EXERCISE REQUIREMENTS: Within the entries below, output exactly the lines between the line containing "送料無料】LEGO レゴマリオ 71361 ゲッソー キャラクターパック 新品未" and the line containing "Juego de palos", inclusive, and omit any picture.

DATA PROVIDED:
>>>>

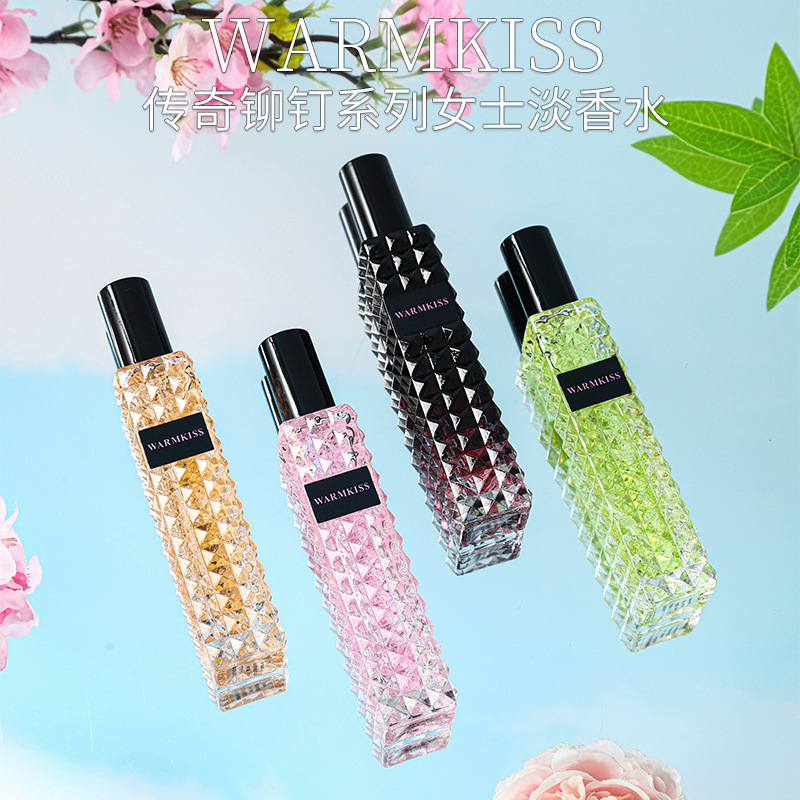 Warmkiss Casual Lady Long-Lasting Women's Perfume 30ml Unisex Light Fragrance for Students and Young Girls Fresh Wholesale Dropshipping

<<<<
>>>>

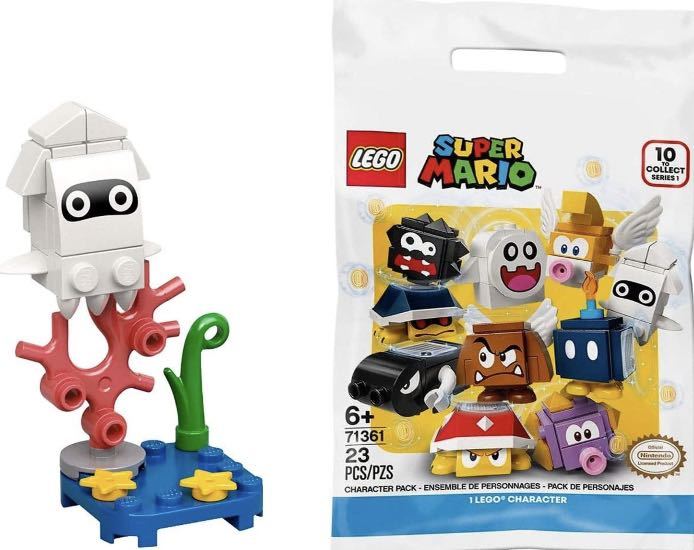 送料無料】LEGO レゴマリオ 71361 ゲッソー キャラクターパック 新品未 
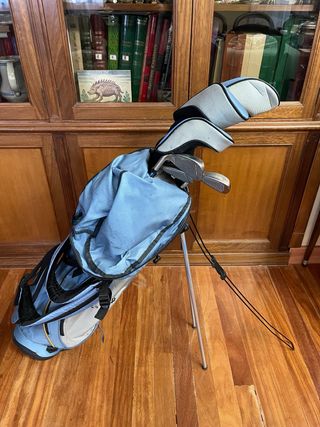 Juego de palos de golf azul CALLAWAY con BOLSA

<<<<

RESPONSE TO THE TASK:
 送料無料】LEGO レゴマリオ 71361 ゲッソー キャラクターパック 新品未 
 Juego de palos de golf azul CALLAWAY con BOLSA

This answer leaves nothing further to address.